### EXERCISE
Write out the data exactly, please, and omit the pictures.

### DATA EXTRACT

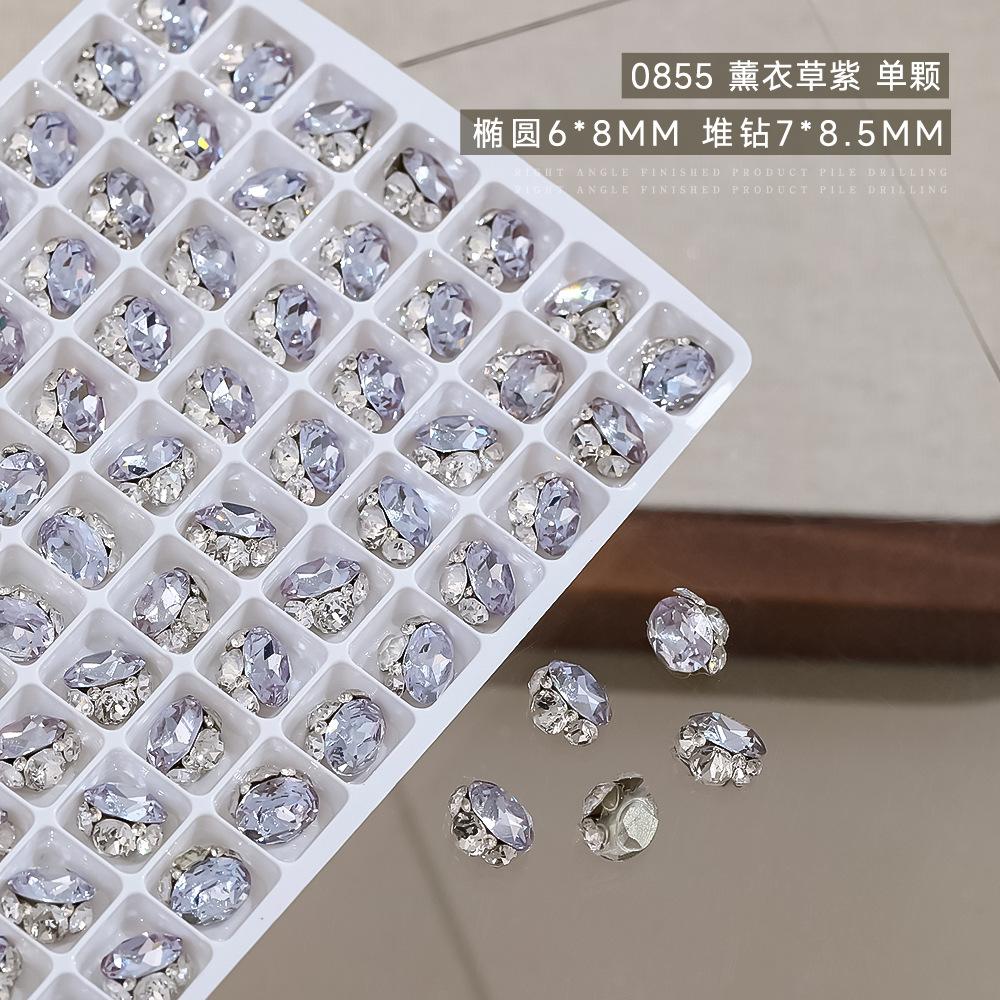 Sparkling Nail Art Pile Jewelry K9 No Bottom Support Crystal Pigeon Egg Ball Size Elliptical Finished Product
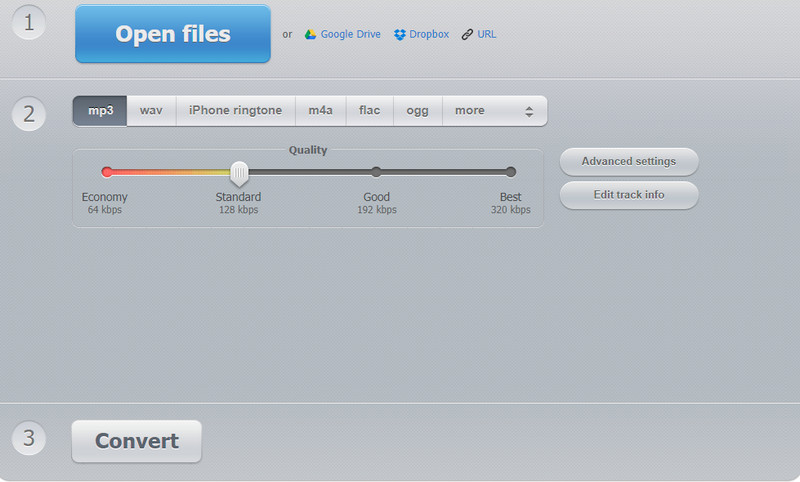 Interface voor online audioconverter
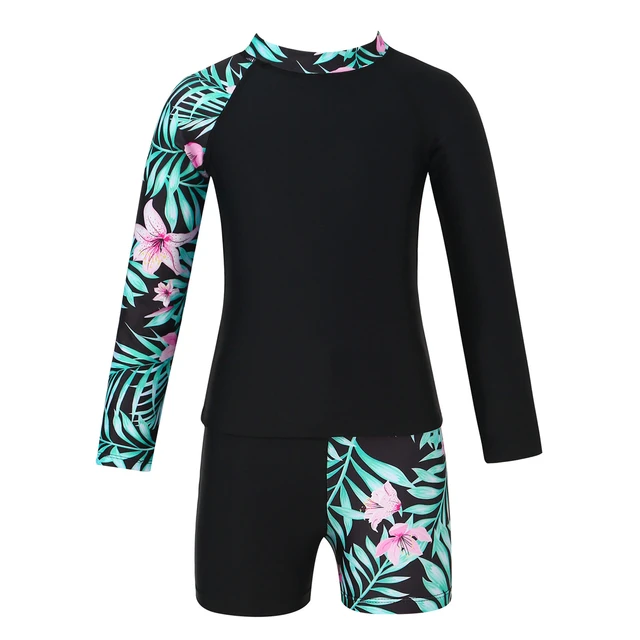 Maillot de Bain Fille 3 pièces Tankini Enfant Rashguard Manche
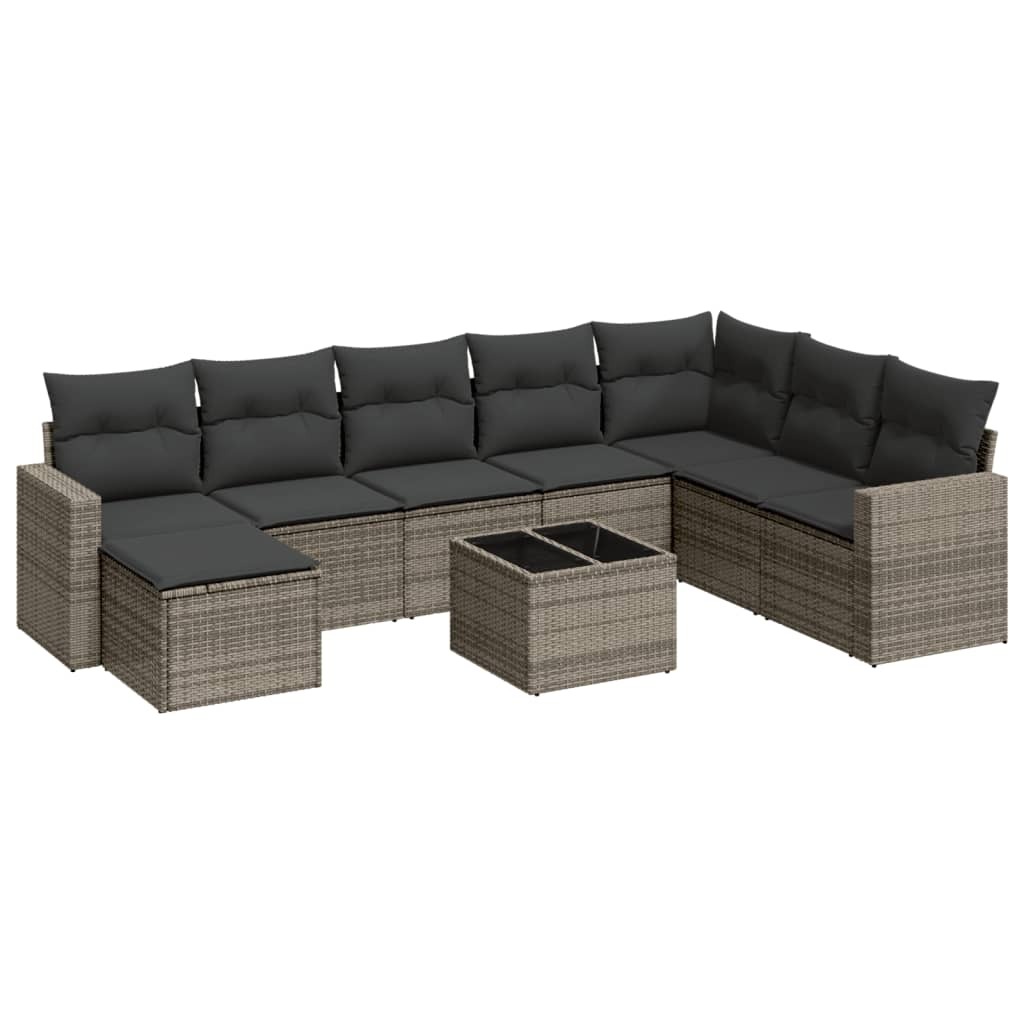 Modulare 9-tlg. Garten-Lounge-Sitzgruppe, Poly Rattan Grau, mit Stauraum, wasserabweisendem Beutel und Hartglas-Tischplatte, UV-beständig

### EXERCISE RESPONSE
 Sparkling Nail Art Pile Jewelry K9 No Bottom Support Crystal Pigeon Egg Ball Size Elliptical Finished Product
 Interface voor online audioconverter
 Maillot de Bain Fille 3 pièces Tankini Enfant Rashguard Manche
 Modulare 9-tlg. Garten-Lounge-Sitzgruppe, Poly Rattan Grau, mit Stauraum, wasserabweisendem Beutel und Hartglas-Tischplatte, UV-beständig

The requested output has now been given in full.